Si en mi entorno más cercano (familia, amigos…) no soy capaz de ver las “injusticias”, los conflictos, como el resultado no deseado de posibles diferencias en intereses, percepciones, necesidades, valores, roles, rango, etc. y me limito a echar la culpa a los demás, por qué iba a actuar de otra manera un empresario que “defiende” sus intereses, un político que defiende sus “percepciones sobre el mundo”, un religioso que defiende sus “valores” o un delincuente que busca satisfacer sus “necesidades”. Ellos también hacen, o creen hacer, lo mejor para ellos y para el mundo en el que viven.
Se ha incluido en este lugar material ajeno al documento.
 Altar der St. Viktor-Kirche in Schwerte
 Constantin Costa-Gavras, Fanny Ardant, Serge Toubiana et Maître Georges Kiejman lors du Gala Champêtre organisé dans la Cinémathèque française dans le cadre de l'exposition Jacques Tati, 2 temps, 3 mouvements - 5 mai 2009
Es “normal” pues que cuando surjan conflictos en esos niveles ellos también tiendan a echar la culpa a los demás (a los ecologistas, a los otros políticos, a la gente que no les comprende…). Por supuesto que podemos tratar de cambiar las cosas por la fuerza. Ya se ha intentado antes con escasos resultados. Pero dudo que ese mundo ideal de justicia, libertad y abundancia que tod@s soñamos se sostuviera por la fuerza. La enfermedad del político, el empresario, el delincuente está en nosotr@s. Basta que se nos dé la posibilidad de jugar sus papeles para comprobarlo en nuestras propias carnes.

Denunciar las injusticias es importante. Intervenir para aliviarlas también. Pero el paso, el gran paso que deberíamos dar es cambiar las estructuras subyacentes en las que se engendran tales injusticias. Esas estructuras están en nosotr@s, “l@s buen@s”, tanto como en ell@s, “l@s mal@s”, para hablar con el tan manido lenguaje de la confrontación. Desgraciadamente, o no, no se cambian por la fuerza. Se cambian con un trabajo personal que nos lleve a aumentar nuestra conciencia de las cosas, a mejorar nuestra percepción del “otro”, a ser más compasivos. Necesitamos adquirir conciencia de lo que somos en nuestra relación con los demás y aprender a expresar nuestras necesidades, nuestros sentimientos, temores, deseos, sin avasallar ni herir a los demás. Necesitamos aprender a hacer las cosas más fáciles, a aliviar las situaciones de tensión, a dar más espacio a las poderosas fuerzas de grupo que nos recorren, necesitamos facilitadores para los procesos grupales, para crear una verdadera comunidad, necesitamos recuperar el antiguo arte de los chamanes y adaptarlo a nuestro tiempo y lugar. Tal vez la facilitación sea nuestra última oportunidad para difundir una verdadera cultura de paz.